*Exercise directions*: Look in the data below for the line that has "Отдам котенков в хорошие руки", then print exactly every line from there through the line that has "Glatt Safaris", leaving pictures out.

*Material provided*:
------------------------------------------------
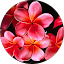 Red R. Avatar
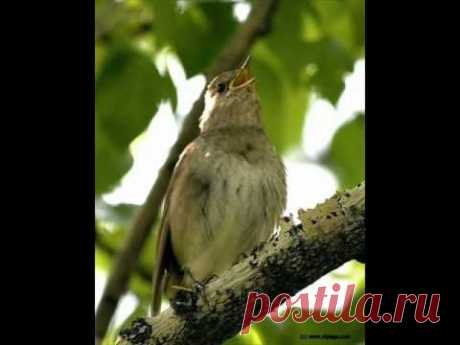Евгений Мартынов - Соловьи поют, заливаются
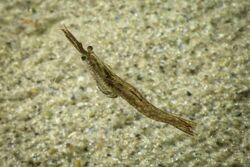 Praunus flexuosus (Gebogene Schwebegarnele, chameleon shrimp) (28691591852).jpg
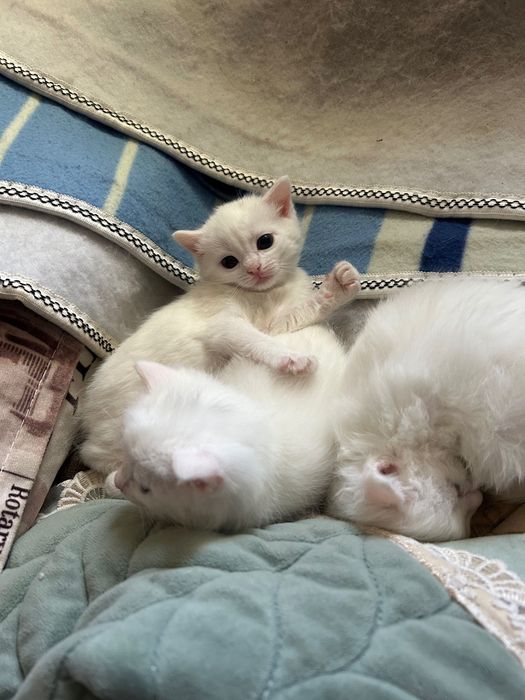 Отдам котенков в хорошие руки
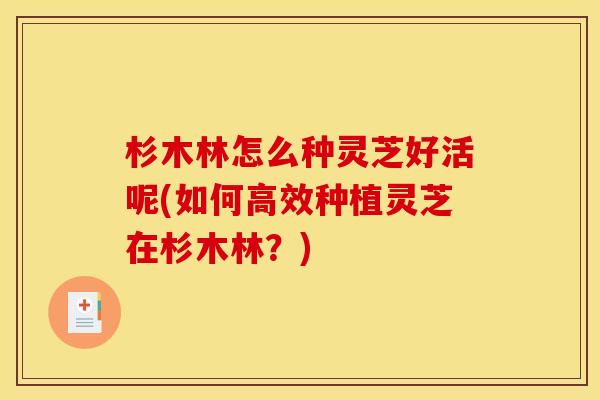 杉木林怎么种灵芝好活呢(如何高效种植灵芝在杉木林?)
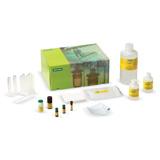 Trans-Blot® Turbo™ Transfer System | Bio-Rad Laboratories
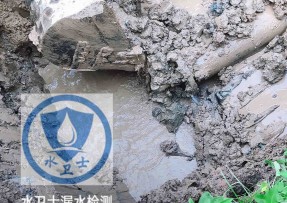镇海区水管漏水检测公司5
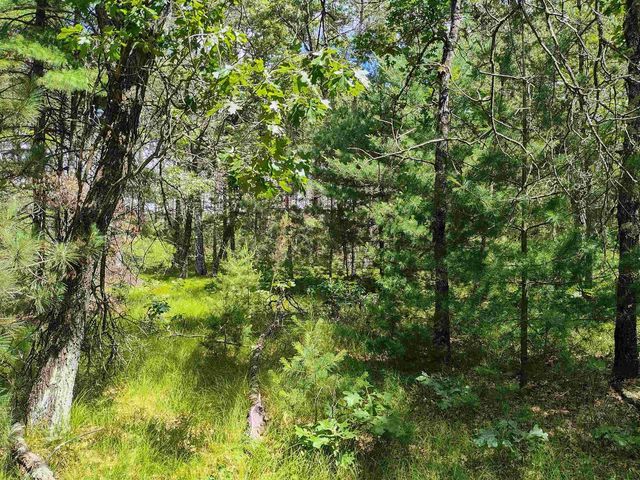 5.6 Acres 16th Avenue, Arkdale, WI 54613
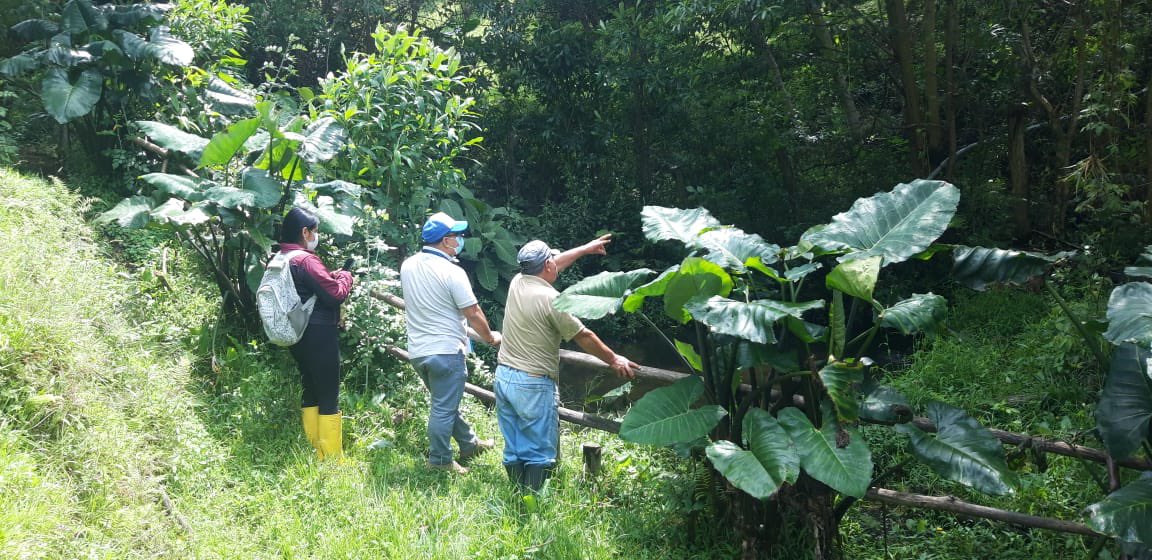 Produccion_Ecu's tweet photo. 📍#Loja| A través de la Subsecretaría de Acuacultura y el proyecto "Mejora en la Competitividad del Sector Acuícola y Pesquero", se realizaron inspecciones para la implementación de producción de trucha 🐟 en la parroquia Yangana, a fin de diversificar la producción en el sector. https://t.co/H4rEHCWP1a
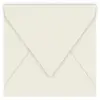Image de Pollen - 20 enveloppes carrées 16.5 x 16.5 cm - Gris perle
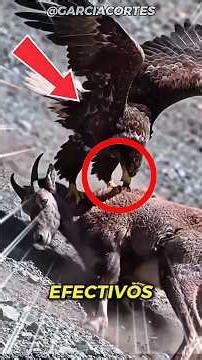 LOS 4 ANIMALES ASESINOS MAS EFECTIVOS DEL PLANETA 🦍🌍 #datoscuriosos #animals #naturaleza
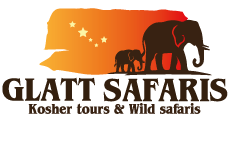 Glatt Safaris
------------------------------------------------
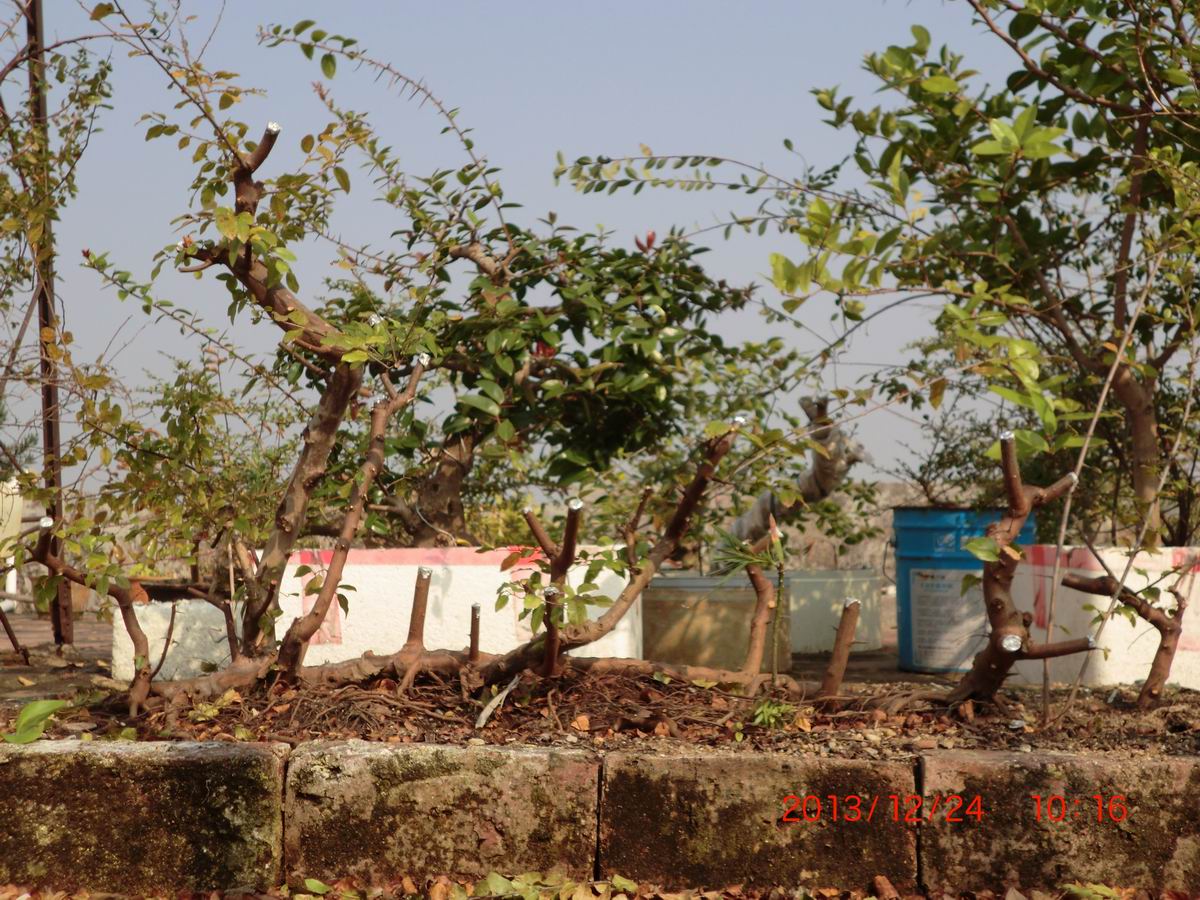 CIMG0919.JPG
------------------------------------------------
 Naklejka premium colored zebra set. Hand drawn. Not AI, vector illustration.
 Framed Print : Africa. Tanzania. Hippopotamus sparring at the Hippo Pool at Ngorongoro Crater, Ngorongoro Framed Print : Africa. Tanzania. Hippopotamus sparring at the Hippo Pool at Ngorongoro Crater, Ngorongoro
------------------------------------------------
*Exercise output*:
 Отдам котенков в хорошие руки
 杉木林怎么种灵芝好活呢(如何高效种植灵芝在杉木林?)
 Trans-Blot® Turbo™ Transfer System | Bio-Rad Laboratories
镇海区水管漏水检测公司5
 5.6 Acres 16th Avenue, Arkdale, WI 54613
 Produccion_Ecu's tweet photo. 📍#Loja| A través de la Subsecretaría de Acuacultura y el proyecto "Mejora en la Competitividad del Sector Acuícola y Pesquero", se realizaron inspecciones para la implementación de producción de trucha 🐟 en la parroquia Yangana, a fin de diversificar la producción en el sector. https://t.co/H4rEHCWP1a
Image de Pollen - 20 enveloppes carrées 16.5 x 16.5 cm - Gris perle
 LOS 4 ANIMALES ASESINOS MAS EFECTIVOS DEL PLANETA 🦍🌍 #datoscuriosos #animals #naturaleza
 Glatt Safaris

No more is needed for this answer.